What Do I Do If I Am Served With a Complaint?
If you are served with a citation and a petition from a Texas Court, you have until the first Monday at 10:00 a.m. following the expiration of 20 days from the date you were served. The simplest answer to file in a Texas case is called a General Denial. In some cases, other objections must be filed with or before any General Denial is filed with the court or important objections may be forever lost. In Justice of the Peace court cases, you have only 14 days from the date you were served with the Citation and Petition to file an answer with the court. In every case it is wise to consult with an attorney before you take any action.
Can I Represent Myself in A Civil Case?
Yes, you have the right to represent yourself in a civil case. However, the real question is whether you should represent yourself. The courtroom is a different environment and most people are not familiar with its unique and unfamiliar language, rules, customs, and culture; it is like a foreign country. My advice in almost every case is to retain an attorney who knows the language and knows how to manage that culture.
When Must I Respond to A Civil Action In Texas?
In Texas, your answers are due in the court on or before 10:00 a.m. on the first Monday following 20 days from the date you have been served.
What Are The General Stages Of Civil Litigation?
Litigation begins with a Petition. The Petition is a brief description of the complaint the Plaintiff or Petitioner is bringing against the Defendant. Once the Petition is served on the defendant, an answer must be filed within the time provided for in the Texas Rules of Civil Procedure. With one exception, when the defendant files an answer, he or she has submitted himself or herself to the jurisdiction of the court. At this stage of the case the parties normally commence with discovery. Discovery in Texas, consists of Requests for Disclosure, Requests for Production, Requests for Admission, Interrogatories, and Depositions. Each form of discovery is designed to elicit information related to the claims and defenses of the parties. Often this stage of litigation is the most expensive.
Once the parties have had an opportunity to conduct discovery, one or both parties will file Traditional or No Evidence Motions for Summary Judgment. The Summary Judgment is a Motion asking the court to rule on all or some of the issues in the case.

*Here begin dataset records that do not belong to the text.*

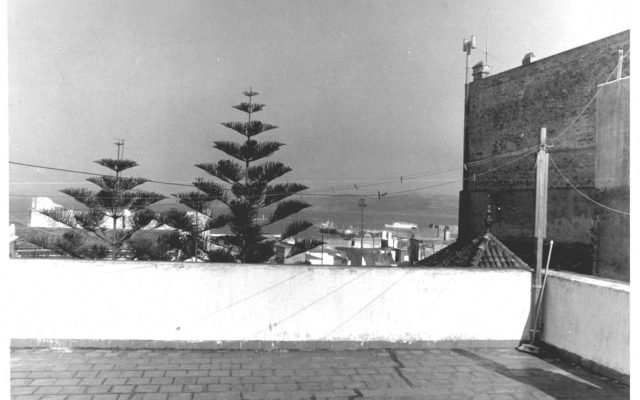A terrace and pine trees at the American Legation in Tangier, in a black and white photograph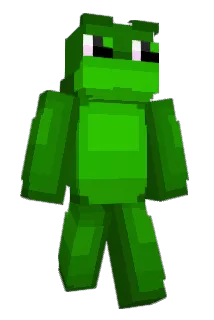 H020 Minecraft avatar full body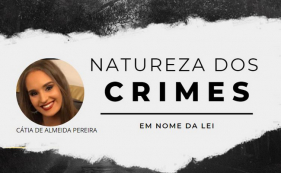 Em Nome da Lei: Natureza dos crimes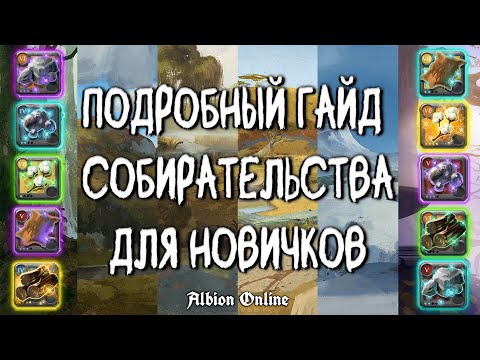 Видео: БЫСТРАЯ ПРОКАЧКА СОБИРАТЕЛЬСТВА | ALBION ONLINE | ГАЙД ДЛЯ НОВИЧКА | АЛЬБИОН ОНЛАЙН | СОБИРАШКА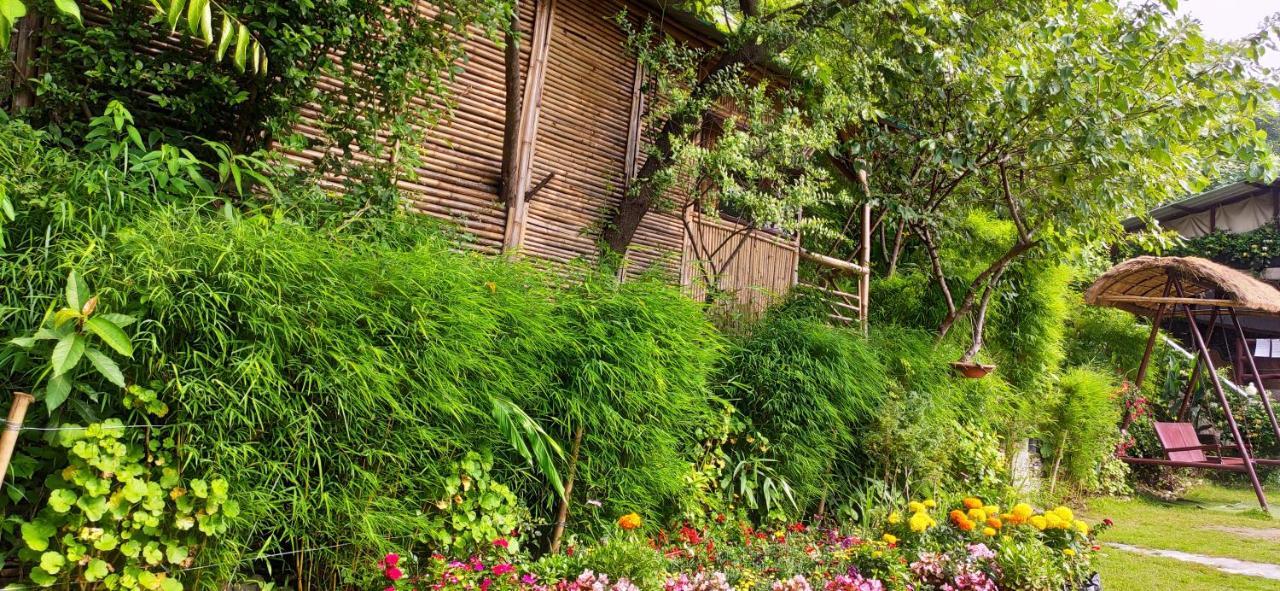 Nature Drops, Pangot Nainital Zewnętrze zdjęcie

Often, this results in a final order closing the case. If the court denies these motions, then the case proceeds to trial.

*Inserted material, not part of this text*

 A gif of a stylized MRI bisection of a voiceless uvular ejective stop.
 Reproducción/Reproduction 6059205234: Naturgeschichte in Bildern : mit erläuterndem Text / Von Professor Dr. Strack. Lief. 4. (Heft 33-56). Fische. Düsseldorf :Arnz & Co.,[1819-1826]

The next stage of litigation involves the final preparation for trial and the trial itself. In many cases, the parties present the case to a mediator who acts as an impartial third party to help the parties to the lawsuit settle the case without a trial. If mediation fails to settle the case the parties continue to prepare for trial and often file pretrial motions asking the court to rule on matters which are likely to arise in trial. The trial may proceed before the Judge or the parties may elect to present the case to a Jury.
Depending on the outcome of the case at trial one or both parties may ask the court for a new trial. A Motion for New Trial must be filed within 30 days from the date of the judgment. At the new trial, the court can consider new evidence, or the court may consider or reconsider the decision of the judge or jury to ensure the judgment is consistent with the evidence and applicable law.
Finally, the parties may elect to appeal an undesirable judgment. The first step of the Appeal process is to the Court of Appeals and then to the Texas Supreme Court.
What Factors Do You Consider When Trying To Move Forward In A Civil Case?
The facts of the case and the applicable law drive our decision to accept or decline to accept a case. We review every detail of the case considering applicable law to determine what constitutes success and then the likelihood of success. Beyond that, we must to consider the cost of litigation and our client’s ability to fund litigation. You have done your client no good spending $1,000 defending a $1,000 lawsuit. However, some clients are more interested in making a point than they are in whether it makes financial sense to proceed. We always look at the value of the case and it’s not always about the money. Sometimes, the value of a case is found in the ability of the court to grant injunctive relief. An injunction is an order which prohibits a person from acting or forces a person to take an action. In some cases, an injunction can literally destroy your business.
Finally, we must evaluate the client’s ability to endure the emotional strain litigate takes on the parties. Some clients are more tolerant to the uncertainty and stress of litigation than others.